Vere

Personal information
- Full name: Alejandro Asensio Crespillo
- Date of birth: 14 September 2000 (age 24)
- Place of birth: Madrid, Spain
- Position(s): Winger

Team information
- Current team: Rayo Vallecano B
- Number: 18

Youth career
- Torrejón

Senior career*
- Years: Team / Apps / (Gls)
- 2019–2020: Torrejón B / 18 / (3)
- 2020–2021: Torrejón / 18 / (3)
- 2021–: Rayo Vallecano B / 30 / (3)
- 2022–: Rayo Vallecano / 1 / (0)

= Vere (footballer) =

Spanish footballer

Alejandro Asensio Crespillo (born 14 September 2000), commonly known as Vere, is a Spanish footballer who plays as a left winger for Rayo Vallecano B.

==Club career==
An AD Torrejón CF youth graduate, Vere made his senior debut with the reserve team during the 2019–20 season, in the Preferente de Madrid. He started to feature with the first team in Tercera División in November 2020, being mainly used as a substitute.
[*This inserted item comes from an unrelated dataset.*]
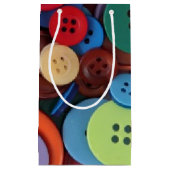 Kleurrijke Buttonnen Klein Cadeauzakje (Voorkant)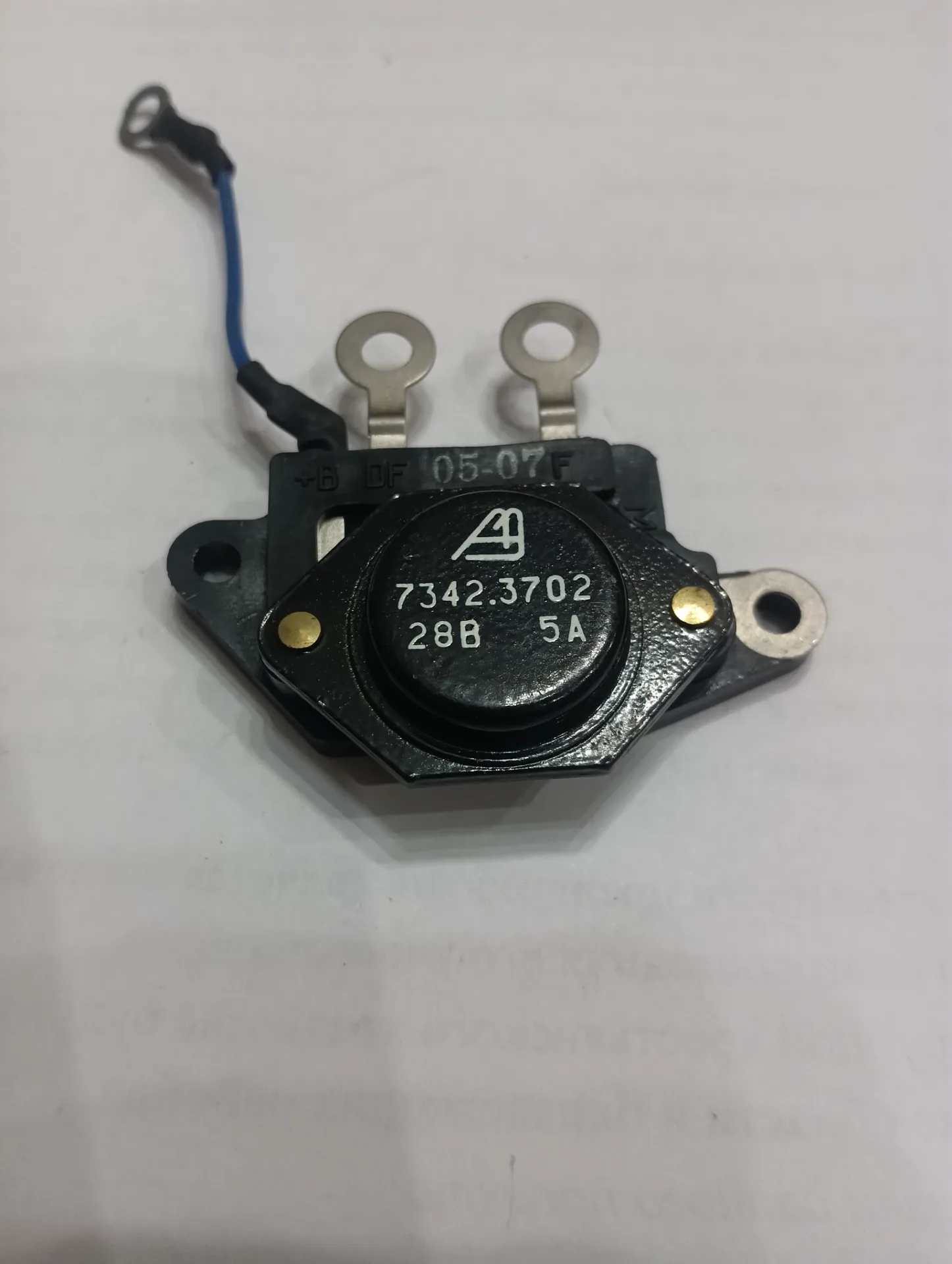 Регулятор напряжения Камаз 28В 5А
Vere moved to Rayo Vallecano on 24 July 2021, being initially assigned to the B-side in Tercera División RFEF. He impressed with the B-team during the first months of 2022, and made his first team – and La Liga – debut on 12 May 2022, replacing Álvaro García late into a 1–5 home loss against Villarreal CF.